Teaching and Learning
Experimentation is at the core of my pedagogy. In my teaching leadership, I construct diverse and inclusive learning architectures and experiences centred around research, imagination, and transdisciplinarity.
My teaching philosophy is oriented around the principles of the ecological university (Barnett, 2018) and an ethical commitment to intellectual emancipation for students (Rancière, 1991), which informs my leadership in curriculum and pedagogical design. This perspective emphasises the need to create opportunities for students to forge interconnections of knowledge in diverse, real-world contexts and conflicts, foster autonomy to critique boundaries of knowledge, and act thoughtfully in contentious situations. Teachers, in turn, are responsible for creating conditions—safe, diverse, and inclusive spaces for experimentation—that sustain students’ will and meaningful engagement with complexity and ambiguity. Inspired by Vygotsky’s (1987) principle of obuchenie and the Humboldtian ideal of unified scholarship, I view teaching, learning, and research as inseparable and mutually constitutive processes.

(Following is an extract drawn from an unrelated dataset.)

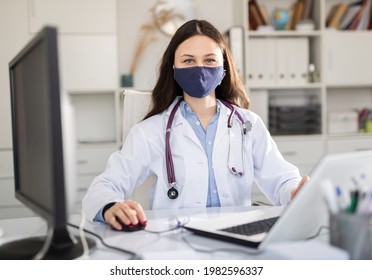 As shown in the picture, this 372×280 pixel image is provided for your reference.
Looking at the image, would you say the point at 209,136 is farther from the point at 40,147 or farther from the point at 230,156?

On the teacher side, I have developed and led numerous professional development initiatives, introducing new methodologies for teaching and learning in pedagogies, educational technologies, and curriculum. I foresee an ongoing transformation of teachers’ roles as facilitators, curators, and meta-creators of learning experiences.
If you have a provocative project idea that will expand students’ imaginations and sense of possibilities, let me know.
Barnett, R. (2018). The ecological university: A feasible utopia. Routledge, Taylor & Francis Group.
Rancière, J. (1991). The ignorant schoolmaster: Five lessons in intellectual emancipation. Stanford University Press.
Vygotsky, L. S. (1987). The collected works of L.S. Vygotsky (R. W. Rieber & A. S. Carton, Trans.). Plenum Press.